With all of her accomplishments helping to establish sustainable farming practices in the village—practices that she believes will long outlast her time there—Dannhauser says that what stays with her goes far beyond the gains she made for the village residents; the ultimate profit was becoming an integral member of their community.
“It was the small moments that I enjoyed the most, from the shock on people’s faces when they saw me carrying a giant bag of beans on my way home from the farm, to the joyous laughter of the women when I greeted them in Yemba on my walks around village,” she says. “It was being invited to ceremonies, like funerals and twin ceremonies. It was the easy conversations I could have with friends and neighbors. I gained a new family and became a part of a new community. To be welcomed like that is something I will always remember.”

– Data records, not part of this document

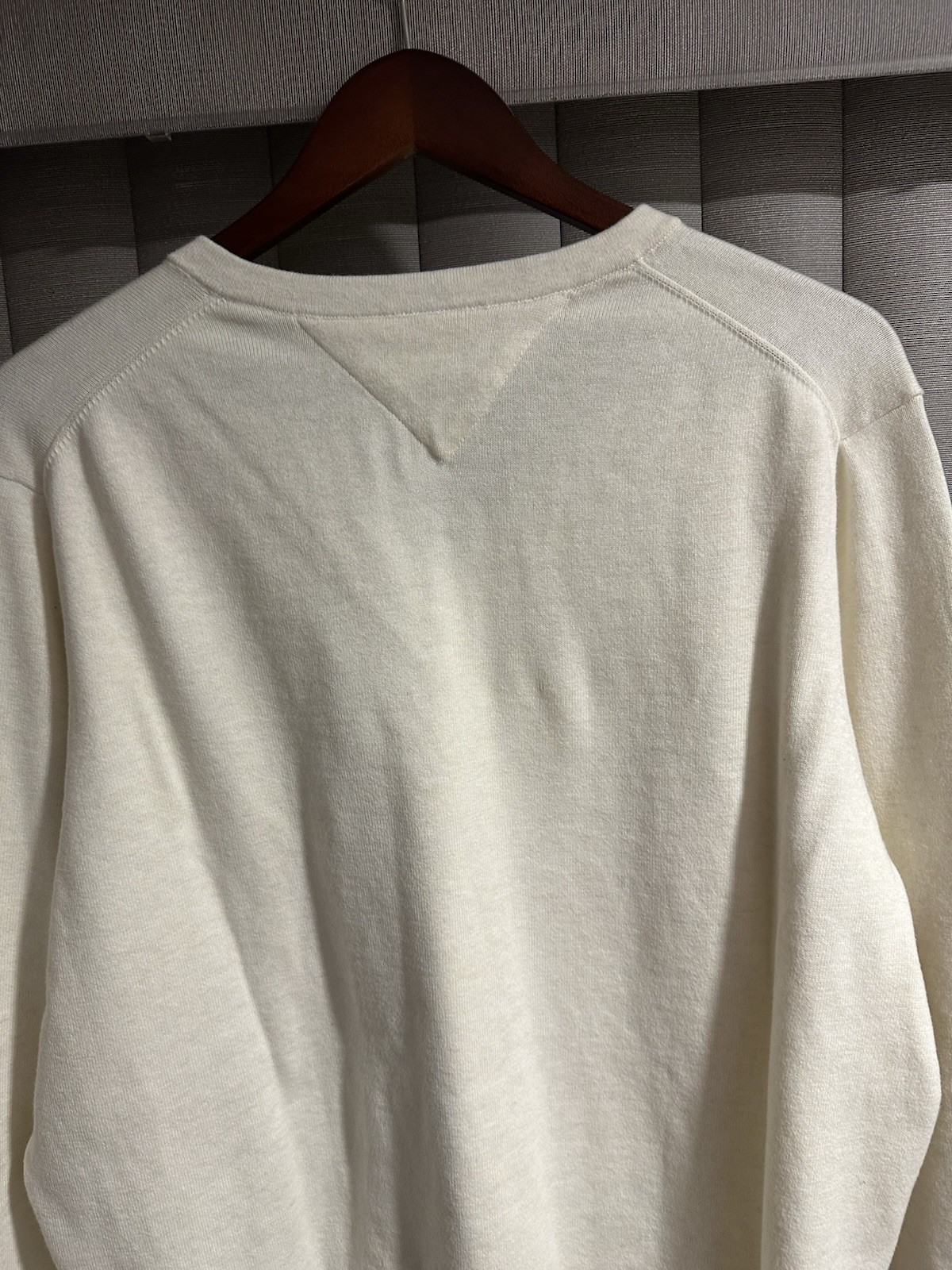 Tommy HilfigerMen's Essential Cotton Crewneck Sweater image 2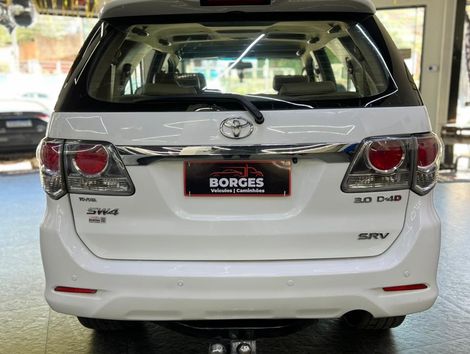 Toyota Hilux SW4 SRV 4x4 4.0 V6 24V Aut.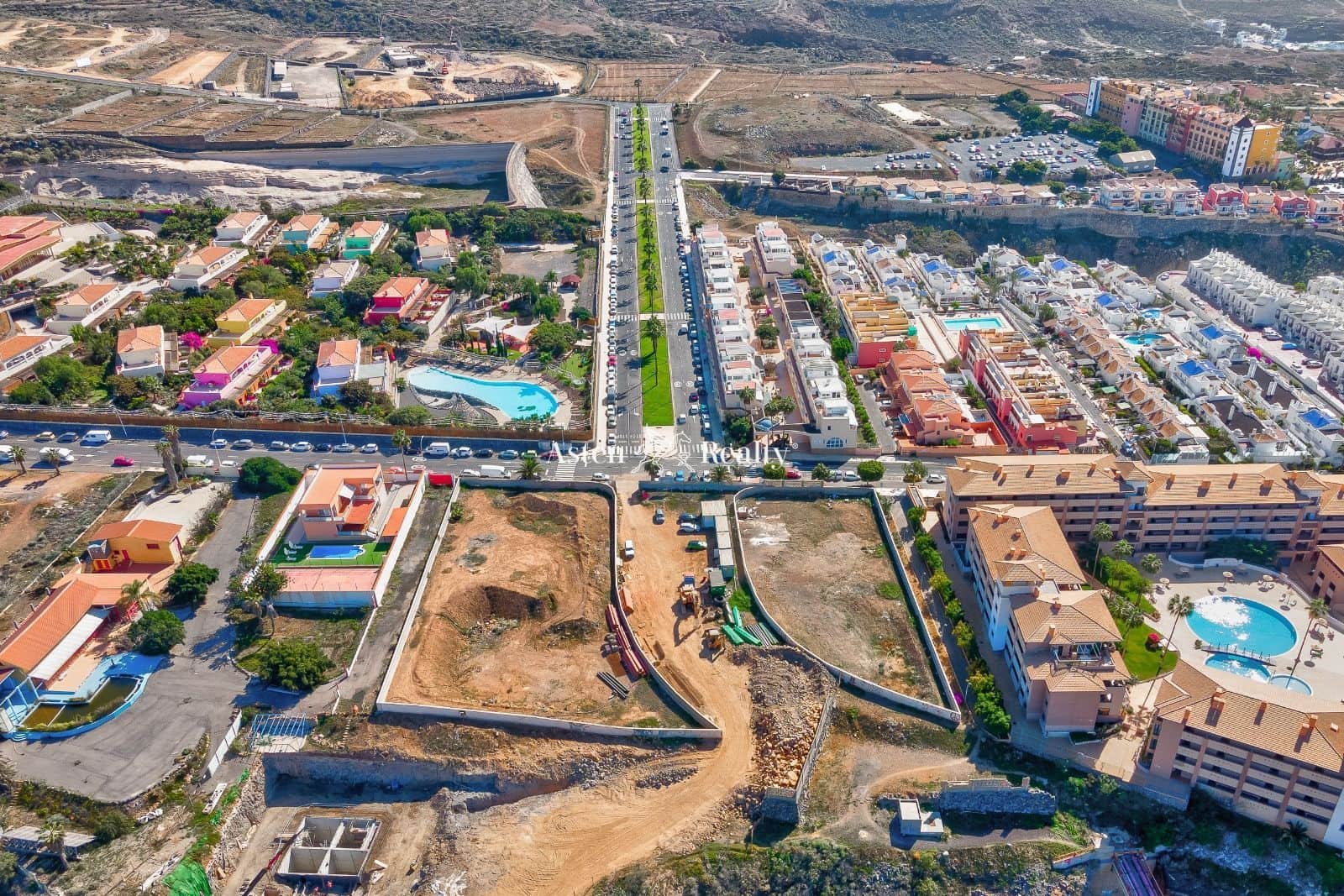 Business for sale in Playa Paraiso - € 8,900,000 (Ref: 7244804)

She has also endeavored to add an authorship credit to her growing list of achievements. Her memoir about her years in Baleveng, Nothing Works But Everything Works Out, is scheduled to be released in December 2019. Dannhauser hopes that her readers understand the overarching lesson of determination and “the importance of being patient, flexible, and persistent in their endeavors,” insisting that they apply to any goals. She also believes that her book may help to open eyes and spark curiosity about how other cultures live.
Dannhauser’s plans for the immediate future include law school, where she intends to focus on studies in human rights. In the long term, she’s hoping to become an international human rights attorney, potentially working for an international NGO, the UN, or a private firm that strives to make progress in related areas. She’s not sure where her next academic pursuit will lead, but she maintains a courageous positivity as she prepares for the next step in her journey.
“What I do know is that I hope to continue to make a difference in the world—and I am confident that I will find my best path to do so.”